━━ Source material ━━
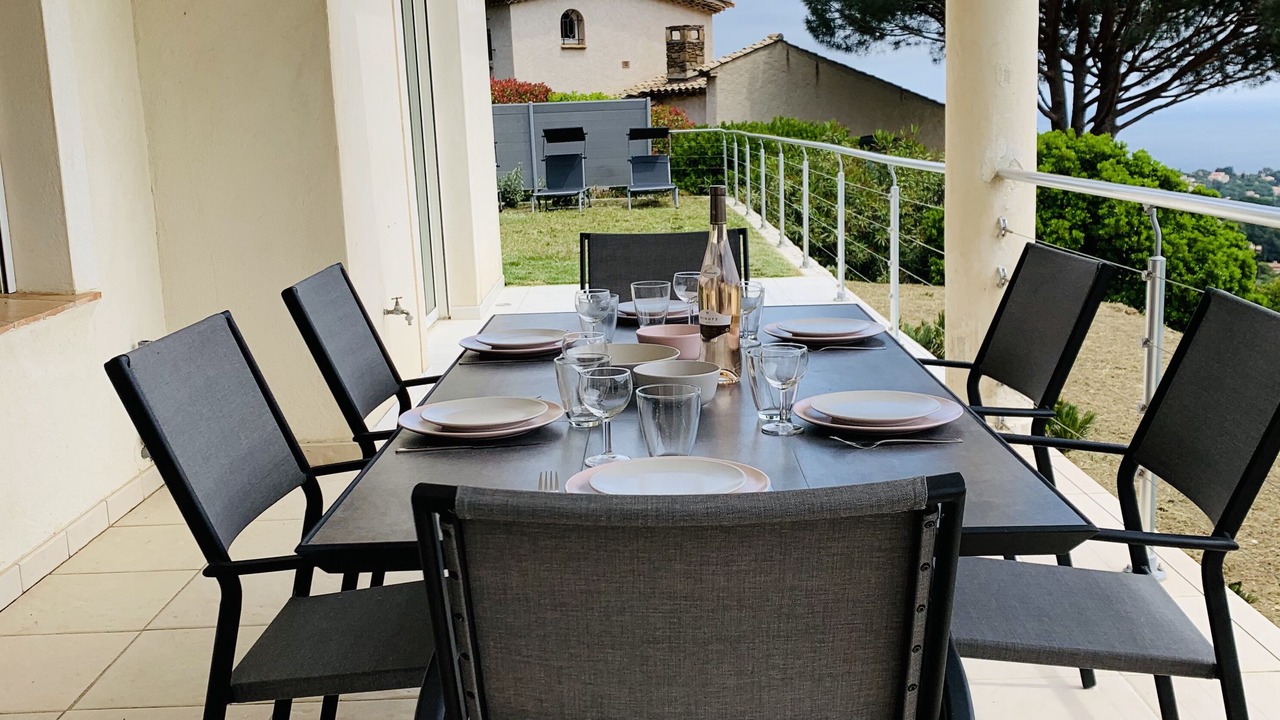 Photo of Outdoor in Cavalaire-sur-Mer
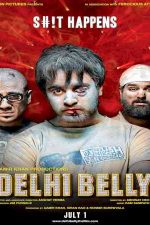 دانلود زیرنویس فیلم Delhi Belly 2011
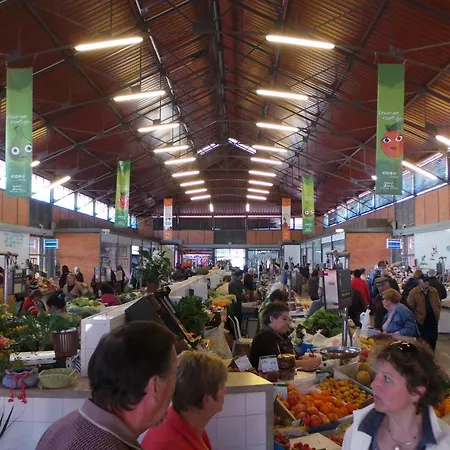 홀리데이파크 Centre Algarve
━━━
* _Assignment_: In the answer, retype exactly and only the lines from the one holding "دانلود زیرنویس فیلم Delhi Belly 2011" through the end of the listing, keeping both ends and dropping every picture.

* _Written solution_:
 دانلود زیرنویس فیلم Delhi Belly 2011
 홀리데이파크 Centre Algarve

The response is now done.